The PEM documents are ordered by their M_dk,n and the top two documents are recommended as appropriate education material for the given note.

Validation

A registered nurse (RN) was asked to review a small sample of 50 EMR notes, along with their recommendations. For each note, the top two recommended PEMs and a random PEM (as control) were selected for review. The second-best recommendation was included in the review to help understand the relative usefulness of the recommendations. The relative order of the recommended PEMs and the identity of the control were withheld from the reviewer. Each of the three PEMs was assigned a rating on a Likert²² scale of 1–5, with 1 indicating a recommendation of low relevance and 5 indicating a highly relevant recommendation. Since all documents are in the domain of diabetes and all patients are diabetic, it can be argued that all documents are somewhat relevant to all of the patients. However, the focus is on the document’s relevance to a patient’s specific conditions and treatments.

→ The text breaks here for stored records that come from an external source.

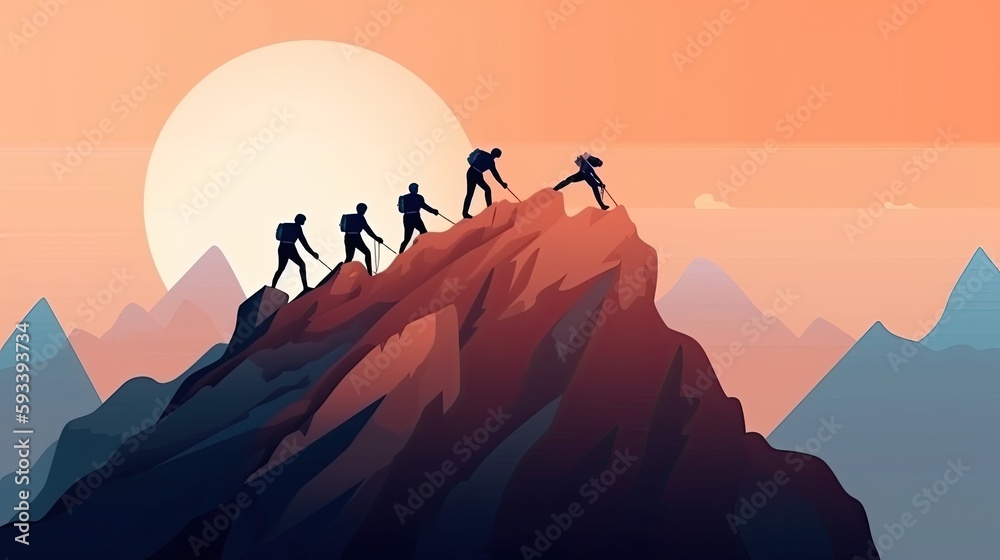 Team work Generative AI
Team work Generative AI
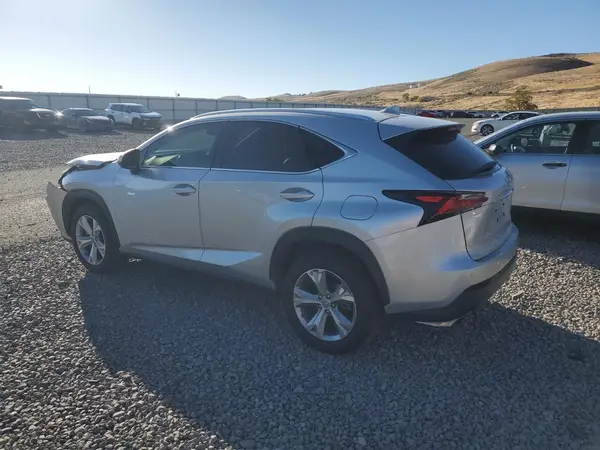 JTJBARBZ8H2112211 2017 LEXUS NX - Image 2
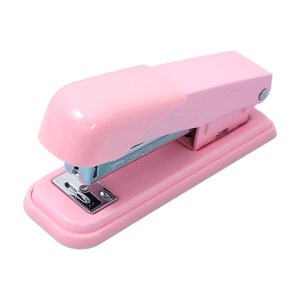 Macaron Color Stapler Multi-Function Stapler, Easy to Bind, Comfortable to Hold, Suitable for office Students Stapler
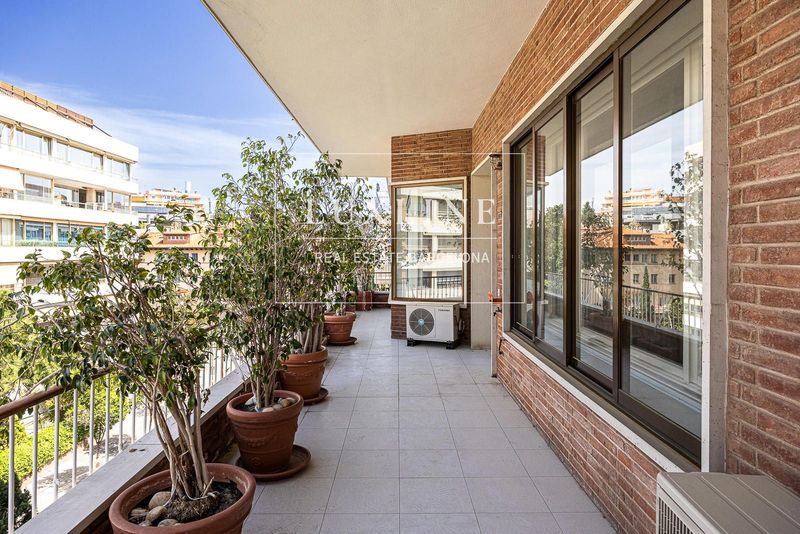Flat for sale Barcelona. Ref: 1341. Luxline Real Estate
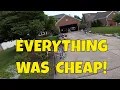 This Garage Sale Had Some CRAZY Deals
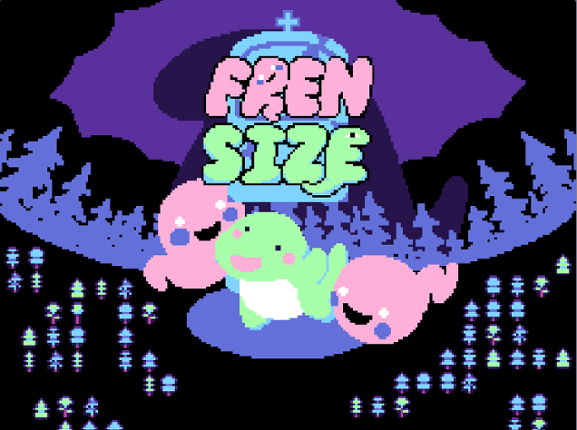 FREN SIZE Game Cover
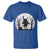 Headless Horseman T Shirt Gothic Horror Halloween Gift - Wonder Print Shop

The average rating of the two recommended PEMs and the control PEMs is computed and reported. It is assumed that statistically significant higher ratings for the recommended PEMs compared to those of the control PEM, would indicate that the proposed method is effective in identifying articles relevant to the patient.

Results

A topic model was built using MALLET to detect 150 topics and Table 1 lists a small set of topics with the terms in each topic ordered by their relative weights. It can be seen that the assignment of weights succeeds in grouping terms that are related to the same/similar concept(s). For example, terms related to acute renal failure (nephropathy) which could be one of the complications in diabetic patients, have been grouped into a single topic, even though the model cannot infer what the topic pertains to.

Table 1.

Sample topics modeled by MALLET. Only the top 20 most prominent terms in each topic are shown. The column labeled ‘Topic’ is not an output of MALLET but a guess by the authors of the topic being modeled.

ID	Terms	Topic
4	blood heart disease risk pressure high people stroke prevent damage vessels smoking healthy cholesterol problems addition increase vessel smoke	Complications
9	kidney disease urine failure protein kidneys microalbuminuria dialysis function diabetic waste damage filtering nephropathy diet body filter creatinine drugs	Renal failure
15	pregnancy baby women gestational pregnant risk birth health normal babies defects delivery good pregnancies weeks pounds care healthy hormones	Pregnancy
24	eat foods healthy food eating weight diet make fruits choose family vegetables plan calories amount grains include lose daily	Diet
45	diabetes type risk american gestational developing weight factors impaired overweight increased higher tolerance condition african asian program family lower	Risks
139	feet foot shoes skin problems diabetic toes sores legs feeling wear infection dry blood socks check make cuts sore	Foot care

An analysis of the topic distribution among PEM documents show that 30% of the topics are covered in two or fewer documents. A very small percentage of topics (1.5%) are covered in twenty or more documents and are topics in which terms such as ‘insulin’, ‘glucose’, ‘blood’ – terms that occur very often in diabetes education material - have high weights. Appendix 1^c is a sub-graph that shows the mapping between topics (represented by circles) and documents (represented by squares). An edge between a topic and a document shows that the topic is represented in the document and the color/thickness of the edge denotes the strength of this representation. To make the graph manageable only the top 10% of the edges have been shown. As can be seen in the figure, a few topics (T63, T94, T132) are represented in a large number of documents while most of the topics have less prominent representation.

Validation

Figure 1 shows a histogram of the average F_to,n for all the topics in the 50 notes used for validation. The distribution suggests that a small percentage of topics (topics with high average F_to,n) are discussed in a significant number of notes and some of the topics are irrelevant (low average F_to,n) to this set of notes. The most commonly mapped topic is related to kidney failure {kidney failure kidneys chronic acute blood substances bladder end risk injury severe obstruction renal waste vascular bloodstream infection decreased} and the least commonly mapped topic is related to an apparent ambiguous topic {ndi gene inherited water result aqp acquired mutations genetic males mutated females forms levels lithium receptor chromosome identified genes}.

Figure 1.

Histogram of the average F_to,n of the topics in the validation note set.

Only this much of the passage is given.